Dans les pays les plus développés, fournir régulièrement de l'eau exige des aménagements coûteux pour gérer l'ensemble du cycle des services de l'eau :
- l'alimentation en eau potable :
- le prélèvement d'eau et le captage (eau de surface ou eau souterraine) ;
- le traitement de l'eau en vue d'obtenir de l'eau potable ;
- l'adduction d'eau (transport et stockage) ;
- la distribution d'eau aux consommateurs ;
- l'assainissement :
- la collecte des eaux (usées et/ou pluviales) dans des réseaux unitaires ou séparatifs. ;
- le traitement des eaux usées.
L'eau / assainissement est un domaine d'excellence de la France, qui compte trois groupes, Veolia, Suez et Saur qui sont des leadeurs mondiaux dans ce secteur.
Dans les zones rurales des pays en développement et des pays les moins avancés, la gestion de l'eau se fait de manière artisanale.
Objectif de développement durable
Les Nations unies ont défini un objectif de développement durable (ODD 6) afin de garantir un accès universel à de l’eau potable et à l’assainissement, d'améliorer la qualité de l'eau et réduire les pollutions, assurer une utilisation efficiente des différents usages de l'eau (domestique, énergie, industriel, agriculture) et préserver les écosystèmes aquatiques.
Les risques sanitaires et environnementaux
En plus des risques de pénurie, l'humanité est confrontée à un autre problème : la qualité de l'eau se dégrade.

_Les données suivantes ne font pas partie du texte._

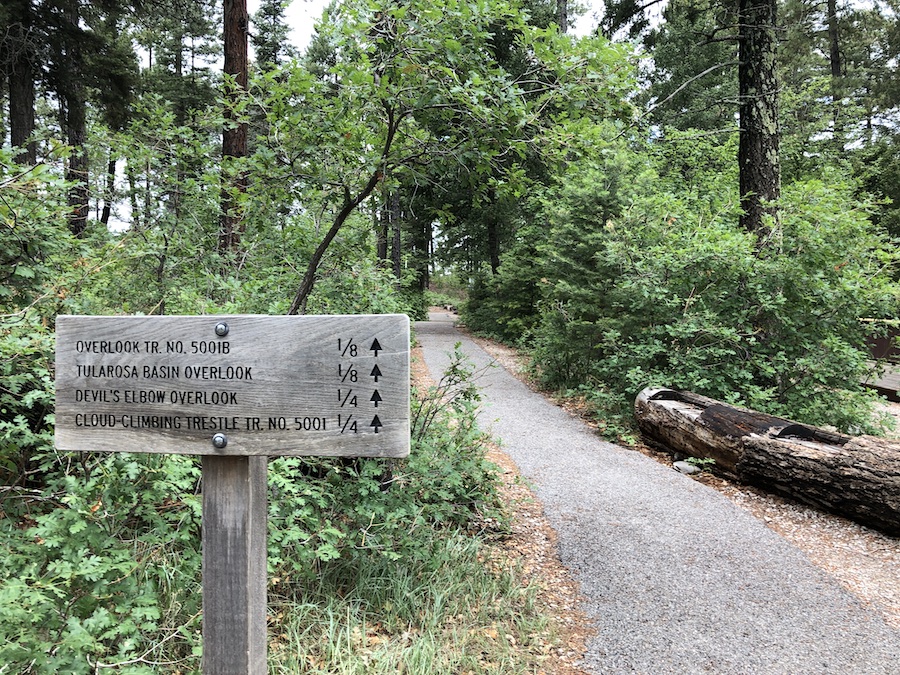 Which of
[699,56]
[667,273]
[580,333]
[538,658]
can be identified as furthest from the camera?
[699,56]

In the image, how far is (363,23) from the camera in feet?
9.50

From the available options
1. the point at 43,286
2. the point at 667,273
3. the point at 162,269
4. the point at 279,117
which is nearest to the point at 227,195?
the point at 162,269

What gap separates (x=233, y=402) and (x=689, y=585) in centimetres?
304

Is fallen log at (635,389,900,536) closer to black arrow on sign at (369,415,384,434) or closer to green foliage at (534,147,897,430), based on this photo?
green foliage at (534,147,897,430)

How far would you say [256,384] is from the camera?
1.65m

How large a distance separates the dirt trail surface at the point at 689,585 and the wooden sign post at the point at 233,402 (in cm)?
186

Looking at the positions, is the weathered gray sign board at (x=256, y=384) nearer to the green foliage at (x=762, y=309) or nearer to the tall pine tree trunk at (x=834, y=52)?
the green foliage at (x=762, y=309)

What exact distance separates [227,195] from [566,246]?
6.34 m

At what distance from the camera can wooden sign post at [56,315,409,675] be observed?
164 centimetres

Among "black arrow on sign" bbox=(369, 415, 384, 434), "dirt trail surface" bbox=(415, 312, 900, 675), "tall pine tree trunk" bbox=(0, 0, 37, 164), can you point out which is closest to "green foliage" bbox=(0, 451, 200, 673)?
"black arrow on sign" bbox=(369, 415, 384, 434)

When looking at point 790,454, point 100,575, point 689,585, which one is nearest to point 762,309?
point 790,454

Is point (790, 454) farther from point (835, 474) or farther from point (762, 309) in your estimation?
point (762, 309)

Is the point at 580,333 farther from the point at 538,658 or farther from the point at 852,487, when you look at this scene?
the point at 538,658

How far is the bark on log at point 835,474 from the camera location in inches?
165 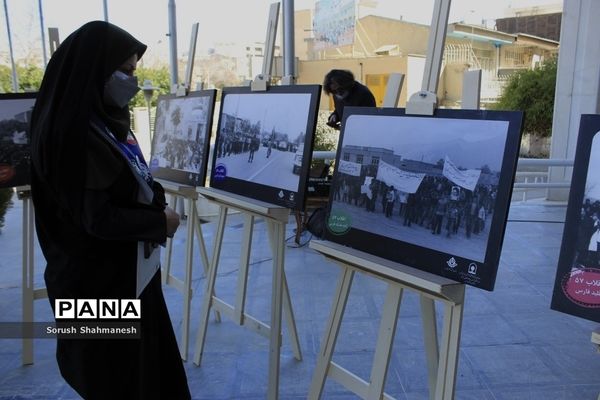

Ce qui entraîne des risques sanitaires pour les populations, même dans les pays développés. Dans les pays en développement (la Chine et l'Inde), l'eau est polluée par les rejets industriels dans les fleuves et par les produits chimiques utilisés par l'agriculture qui s'infiltrent dans le sol jusqu'aux nappes phréatiques. En Europe, en Amérique du Nord et en Asie, la moitié des lacs et des rivières sont pollués par les algues qui empoisonnent les milieux naturels.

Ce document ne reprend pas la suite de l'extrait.